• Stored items
"""

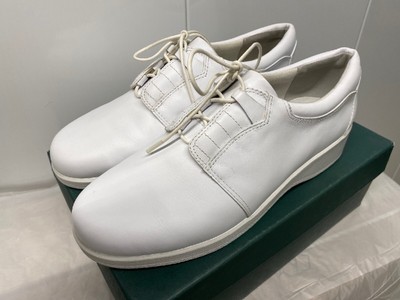clarks nurses shoes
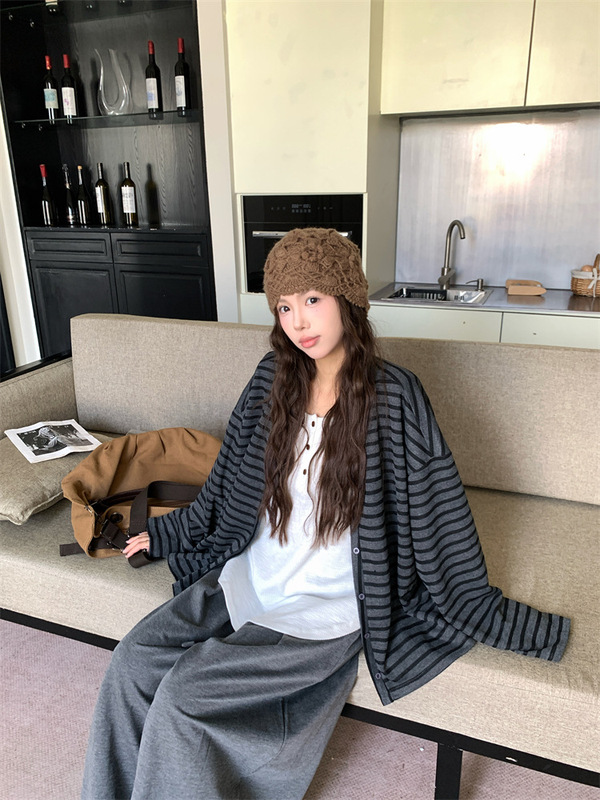 2025新款慵懒风条纹长袖外套女装秋季复古盐系宽松单排扣开衫上衣|undefined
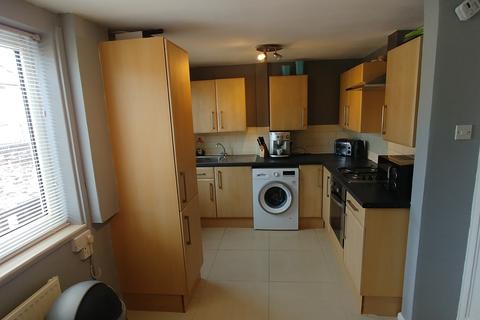 7 Barons Close, Flint, CH6 5DQ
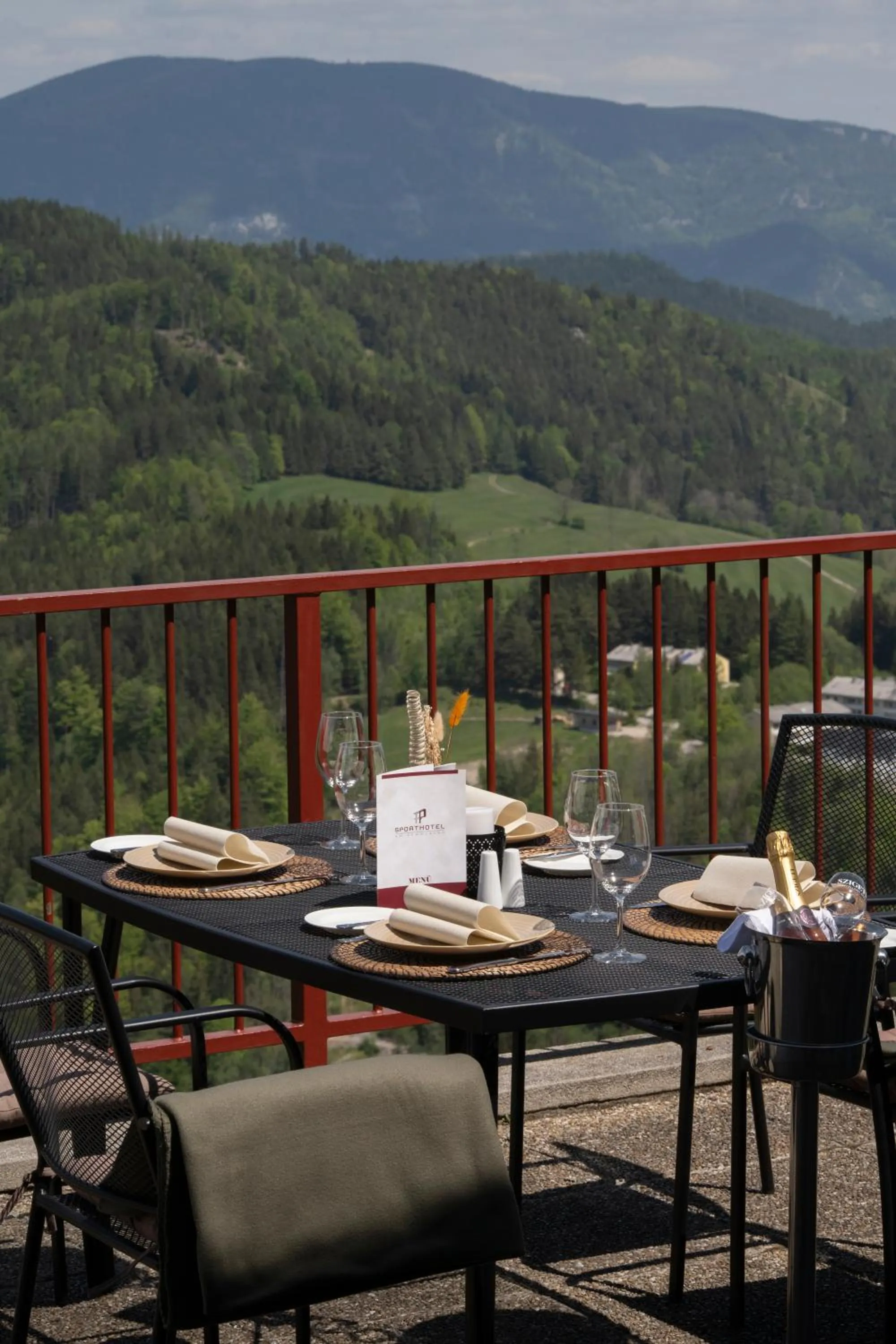 Restaurant/places to eat in Sporthotel am Semmering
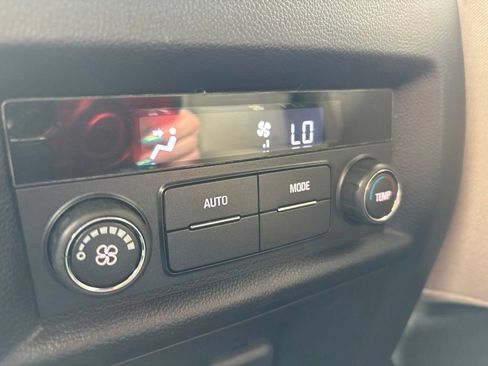 Used 2023 Chevrolet Traverse LT AWD/4WD image 20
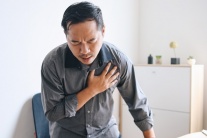 Tim thỉnh thoảng “khựng” lại một nhịp rồi đập mạnh hơn có đáng lo?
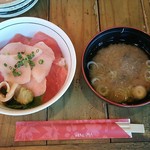 横濱 魚萬 - マグロの二色丼620円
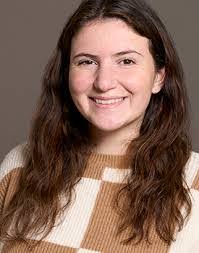 Emily Gorman's Instagram, Twitter & Facebook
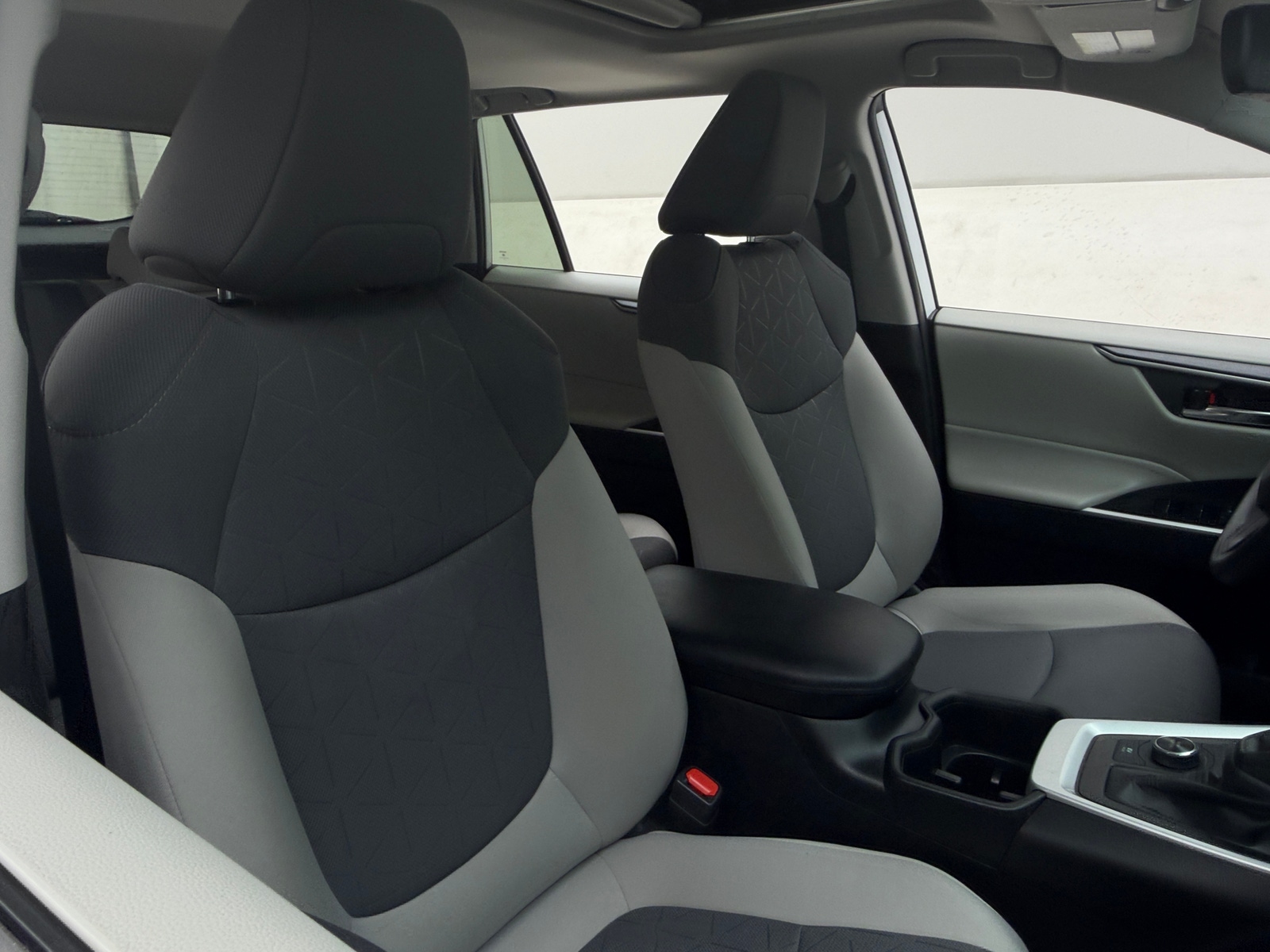 Thumbnail: 2022 Toyota RAV4 - 2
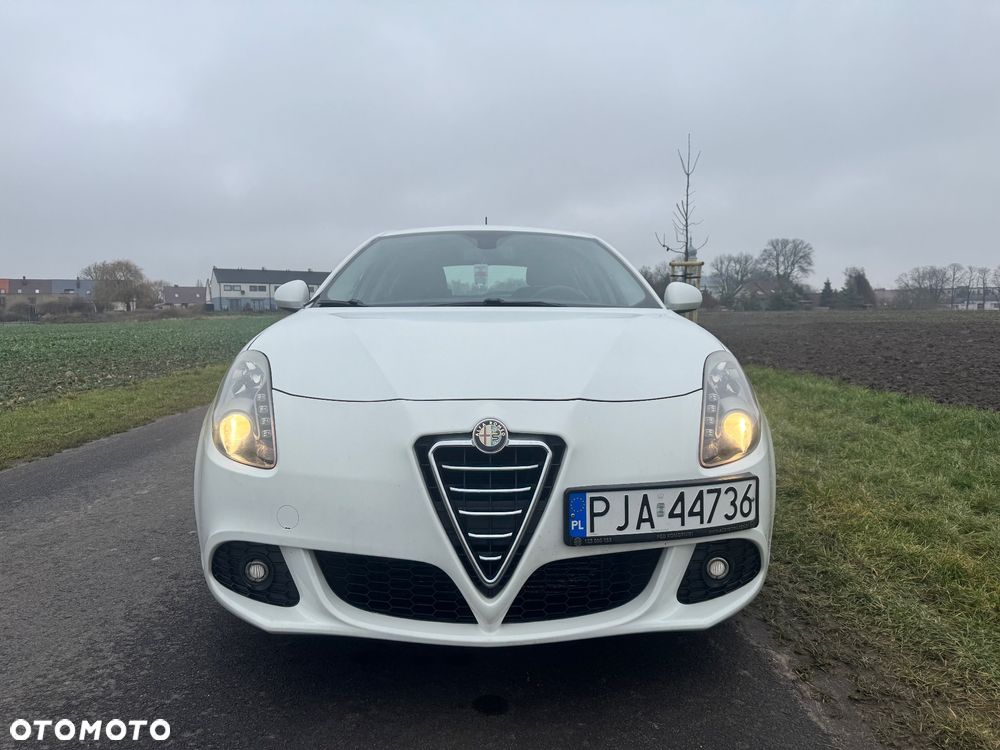 Alfa Romeo Giulietta 1.6 JTDM 16V - 2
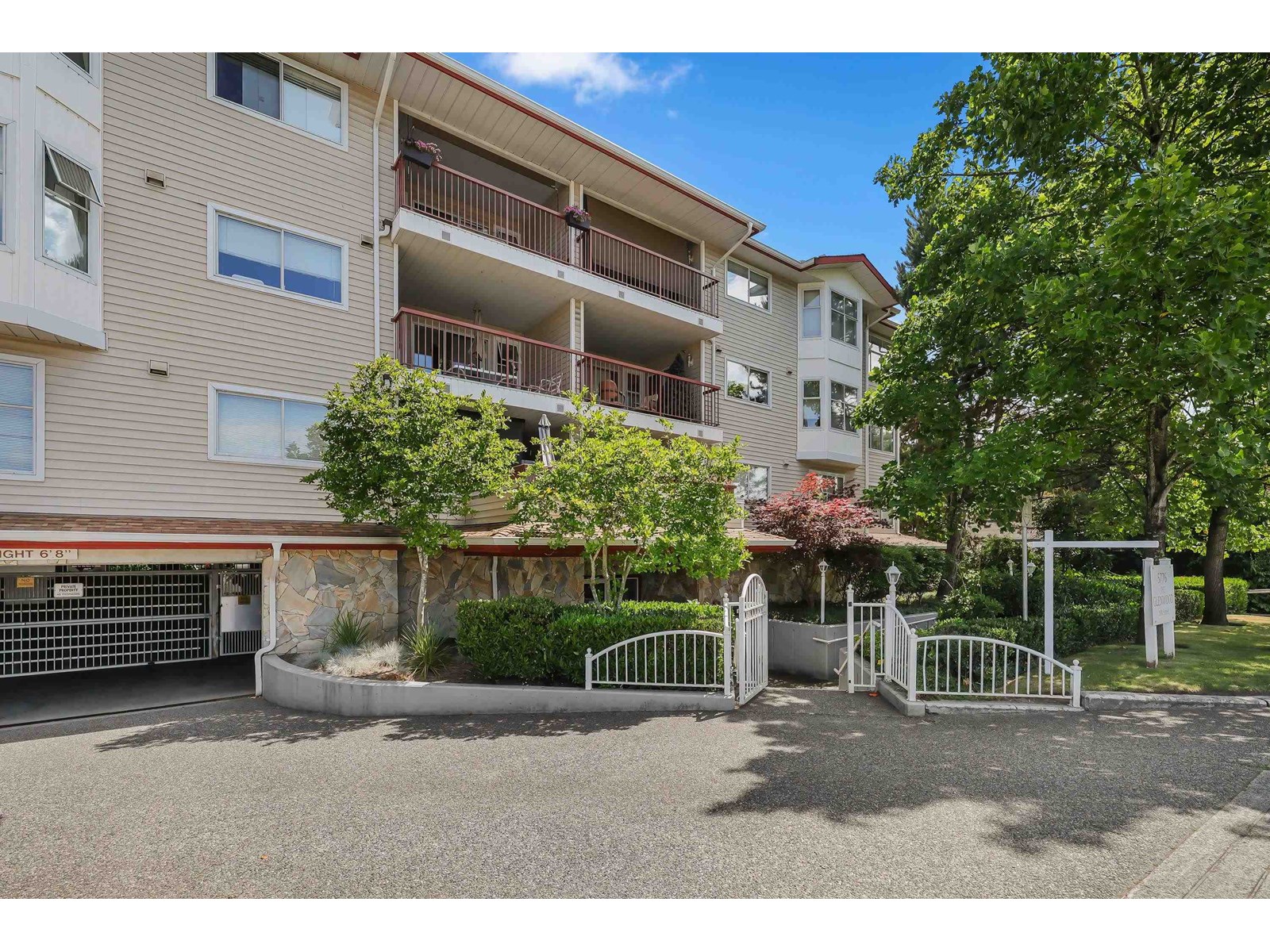 106 5776 200 STREET|Langley, British Columbia V3A1M8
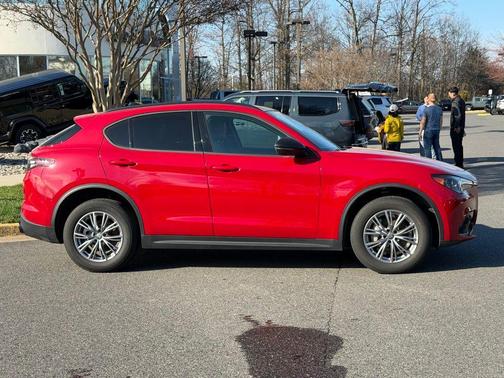 2024 Alfa Romeo Stelvio Base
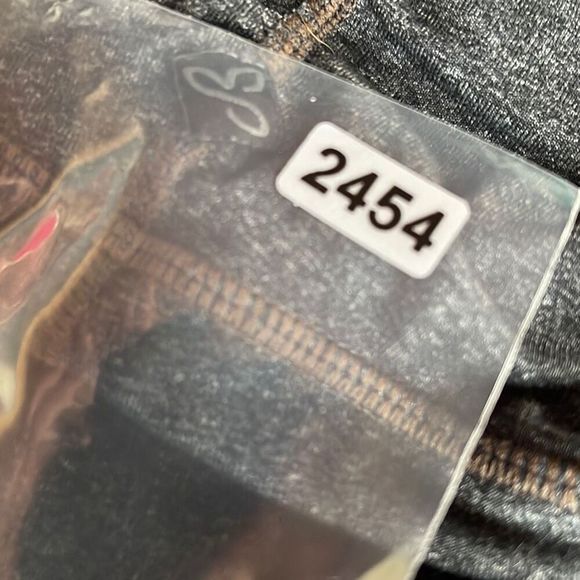 Prana Audrey Knicker size M capri low rise in grey - Picture 8 of 8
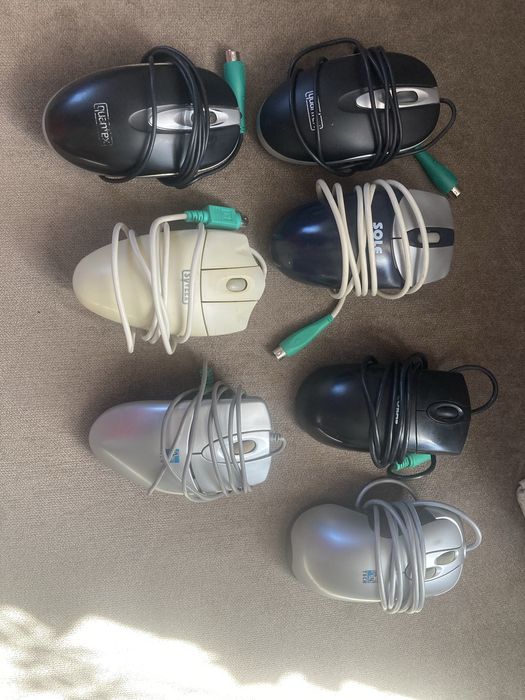 Set 7 mouse-uri cu cabluri PS/2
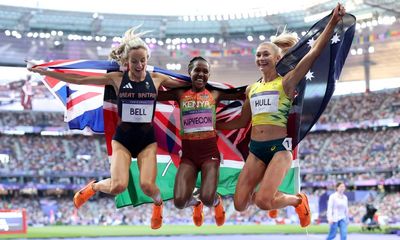 Georgia Bell leads rush of medals as Team GB enjoy super Saturday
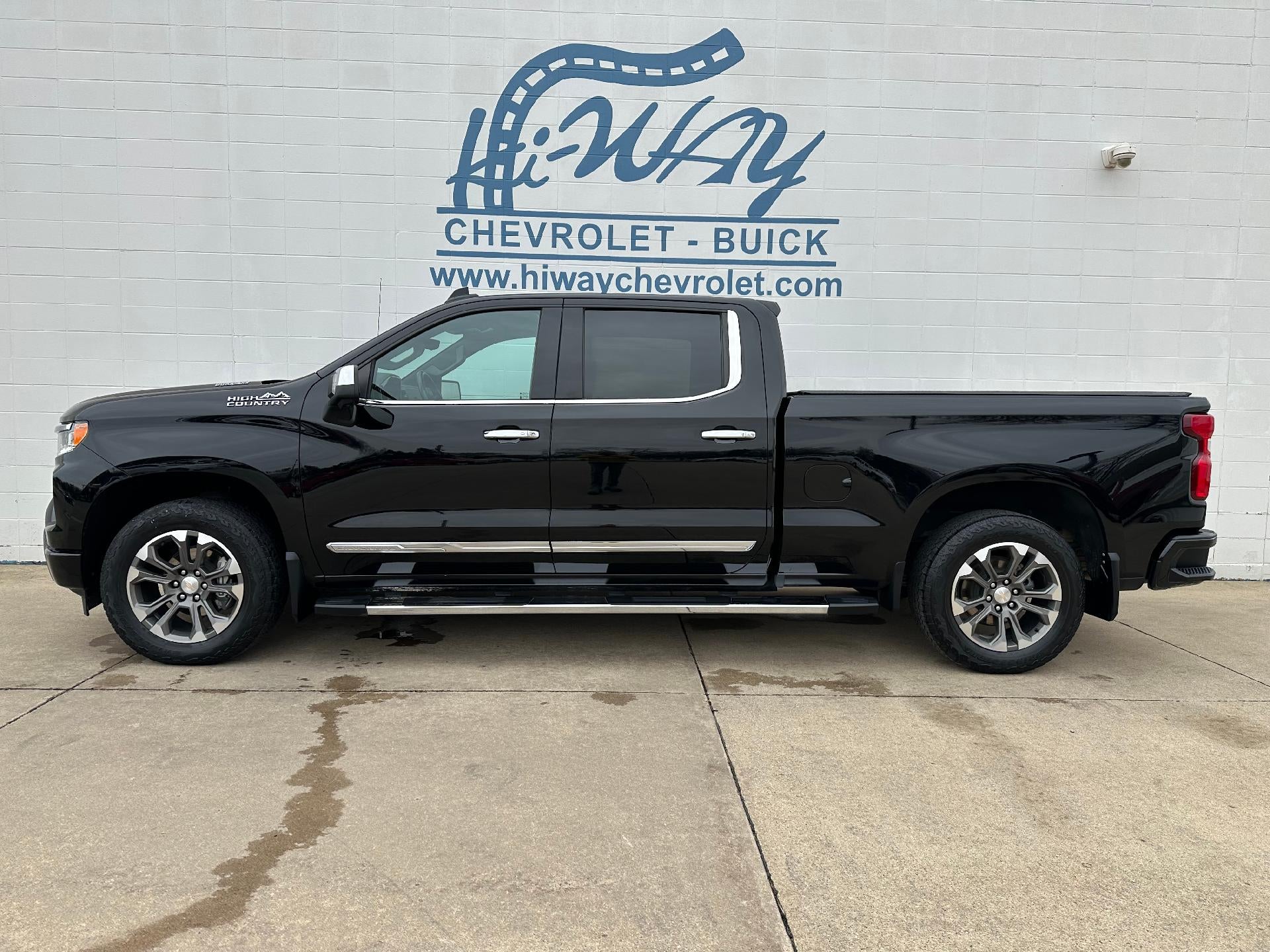 2023 Chevrolet Silverado 1500 High Country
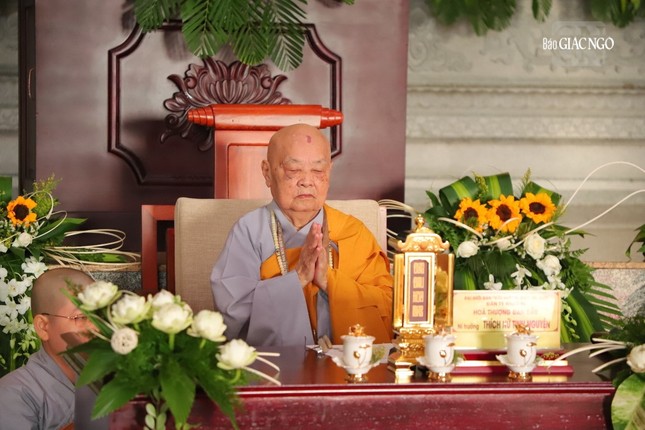 Ni trưởng Thích nữ Tịnh Nguyện đương vi Đường đầu Hòa thượng Ni đàn giới Tỳ-kheo-ni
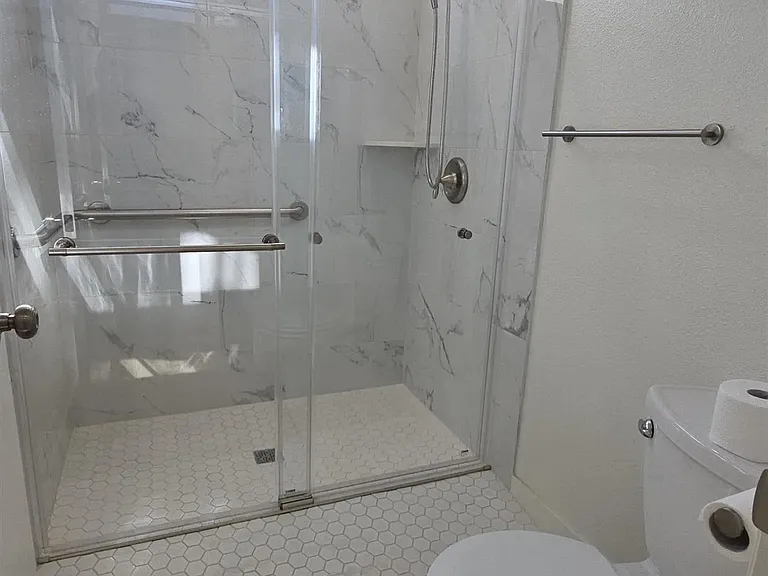 Primary Bath/Spa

"""

• Activity
With pictures left out, transcribe each line from the one containing "Georgia Bell leads" through the end of the data, both ends included.

• Output
 Georgia Bell leads rush of medals as Team GB enjoy super Saturday
 2023 Chevrolet Silverado 1500 High Country
 Ni trưởng Thích nữ Tịnh Nguyện đương vi Đường đầu Hòa thượng Ni đàn giới Tỳ-kheo-ni
 Primary Bath/Spa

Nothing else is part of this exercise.